Thank you, appreciated. I really thought I was ok, because I paused a couple seconds after standing (the wife saw me & I was steady), but 2 steps in she knew I was in trouble. Thank God she’s a bad-ass because nothing phases her.
I swear, the HGH has thickened my skull. Yeah, will go easier tomorrow, but seated at machines won’t be an issue. Staples out on Friday.
Obs, sorry to invade your thread, but I thought it made a pretty good story. Glad to hear you’re back at the gym and working at something you truly are gifted at. I told you before, you’re an artist.
Ex wifes eldest son got caught at school with an empty airsoft pistol. His friend had gave it to him. He was arrested, expelled, and put house arrest.
Today he cut off his ankle bracelet and ran away from his mothers house.
No idea wtf is going through his head but he's gonna be going to a juvenile detention center when caught.
Absolutely no idea wtf got into him....
Sealed a contract on the removal of a single tree for $15,000. I won't likely come across another like this the rest of my career.
Work is good now.
Gym is going good. Not going too hard with work but content.

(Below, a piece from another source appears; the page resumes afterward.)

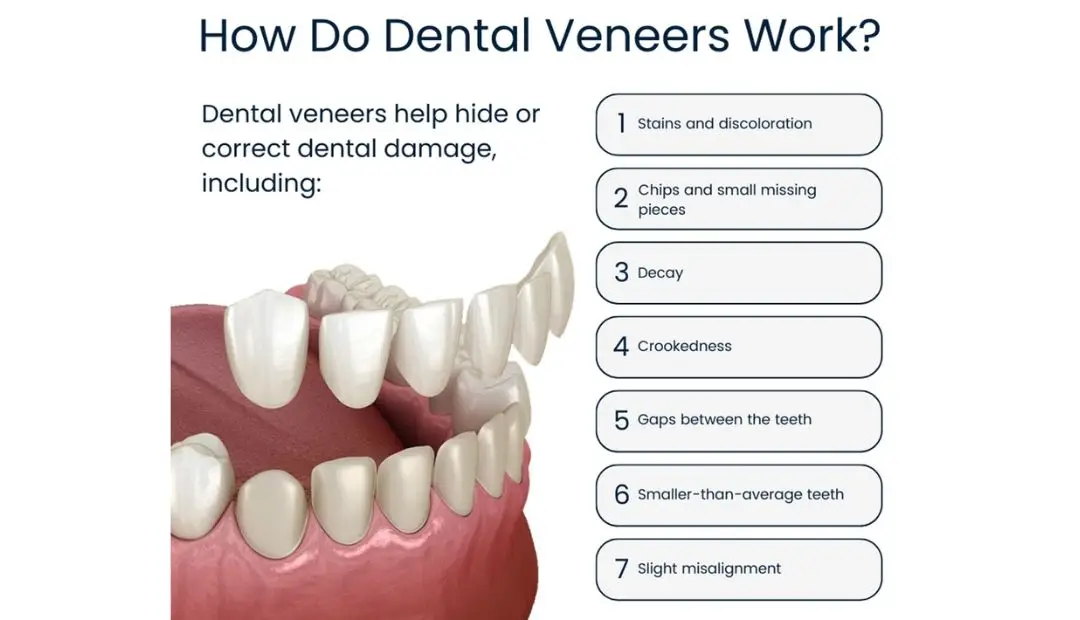 Dental Veneers Queens NY | Briarwood Dental Care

Dumb on his part but you know if he had been a gang banger or always in trouble and it was a real gun he would have gotten much less if anything at all.
Yeah I know its "modern era" but its still over the top in most cases.
You know you have about 1000 red flags with the gf and her kids and you are just going to get in deeper and deeper until you decide you need to help yourself instead of her. Been there done that.
I would rather be embarrassed and beat up than hurt someone again. I like the humble life. Whatever I had to prove I proved it.
I just want to help people but I still have rage I gotta control. I apologized to someone today. I didn't get forgiveness but I was honestly glad. I would have hurt them in the past. Today though they could have punched me and I wouldn't have swung back.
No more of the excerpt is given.